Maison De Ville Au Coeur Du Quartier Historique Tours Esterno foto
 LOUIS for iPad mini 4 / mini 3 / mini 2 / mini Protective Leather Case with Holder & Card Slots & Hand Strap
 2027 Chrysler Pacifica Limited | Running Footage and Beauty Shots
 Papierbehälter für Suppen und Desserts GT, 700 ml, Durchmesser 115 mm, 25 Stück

- ACTIVITY -
The lines from the one with "LOUIS for iPad" through the final line of the data are to be reproduced exactly, both included, with no other lines.

- SOLUTION FOR THIS EXERCISE -
 LOUIS for iPad mini 4 / mini 3 / mini 2 / mini Protective Leather Case with Holder & Card Slots & Hand Strap
 2027 Chrysler Pacifica Limited | Running Footage and Beauty Shots
 Papierbehälter für Suppen und Desserts GT, 700 ml, Durchmesser 115 mm, 25 Stück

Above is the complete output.